Let me explain what your code is doing. First the two tables calculate how many clicks/impressions there were in the last 24 hours. For an input

new Event("1", "1", "ABC", "...", 1),
new Event("1", "2", "ABC", "...", 2),
new Event("1", "3", "ABC", "...", 3),
new Event("1", "4", "ABC", "...", 4)

You will get windows (array<eventId>, window_start, window_end, rowtime):

[1], 1969-12-31-01T00:01:00.000, 1970-01-01T00:01:00.000, 1970-01-01T00:00:59.999
[1, 2], 1969-12-31-01T00:02:00.000, 1970-01-01T00:02:00.000, 1970-01-01T00:01:59.999
[1, 2, 3], 1969-12-31-01T00:03:00.000, 1970-01-01T00:03:00.000, 1970-01-01T00:02:59.999
...

Therefore when you group both on id and name you get sth like:

1, '...', '1_ABC', 1, 'ABC', 1970-01-01T00:00:59.999
1, '...', '1_ABC', 1, 'ABC', 1970-01-01T00:01:59.999
1, '...', '1_ABC', 1, 'ABC', 1970-01-01T00:02:59.999
...

which if you group again in 24 hours windows you will count each event with the same id multiple times.

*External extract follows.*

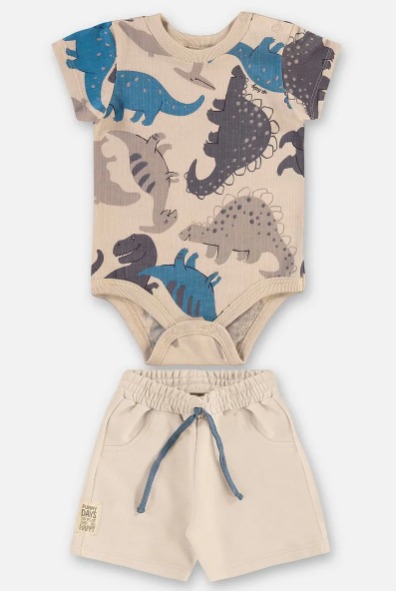 CONJUNTO VERÃO 2 PEÇAS UP BABY - DINO - MENINO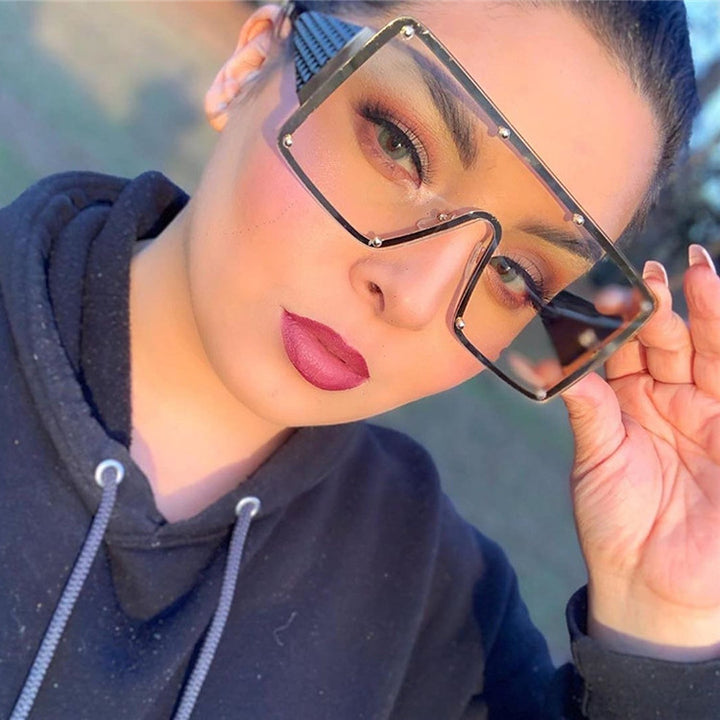 Dame geometrisk oversized solbrille med gradientlinser Skanto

If I understand your use case correctly and you are looking for how many impressions happened in a 1 minute period around an occurrence of a click, an interval join might be what you are looking for. You could implement your case with a following query:

Table clicks = eventsTable
        .where($("eventType").isEqual("click"))
        .select(
                $("impressionId").as("clickImpressionId"),
                concat($("id"), "_", $("name")).as("concatClickId"),
                $("id").as("clickId"),
                $("name").as("clickName"),
                $("eventTime").as("clickEventTime")
        );

Table impressions = eventsTable
        .where($("eventType").isEqual("impression"))
        .select(
                $("impressionId").as("impressionImpressionId"),
                concat($("id"), "_", $("name")).as("concatImpressionId"),
                $("id").as("impressionId"),
                $("name").as("impressionName"),
                $("eventTime").as("impressionEventTime")
        );

Table table = impressions.join(
        clicks,
        $("clickImpressionId").isEqual($("impressionImpressionId"))
                .and(
                        $("clickEventTime").between(
                                $("impressionEventTime").minus(lit(1).minutes()),
                                $("impressionEventTime"))
                ))
        .select($("concatClickId"), $("impressionEventTime"));

table
        .window(Slide.over("24.hour").every("1.minute").on("impressionEventTime").as("minuteWindow"))
        .groupBy($("concatClickId"), $("minuteWindow"))
        .select($("concatClickId"), $("concatClickId").count())
        .execute()
        .print();

As for why Flink sometimes cannot produce append stream, but only retract stream see. Very briefly, if an operation does not work based on a time attribute, there is not single point in time, when the result is "valid". Therefore it must emit stream of changes instead of a single appended value. The first field in the tuple tells you if the record is an insertion(true) or retraction/deletion(false).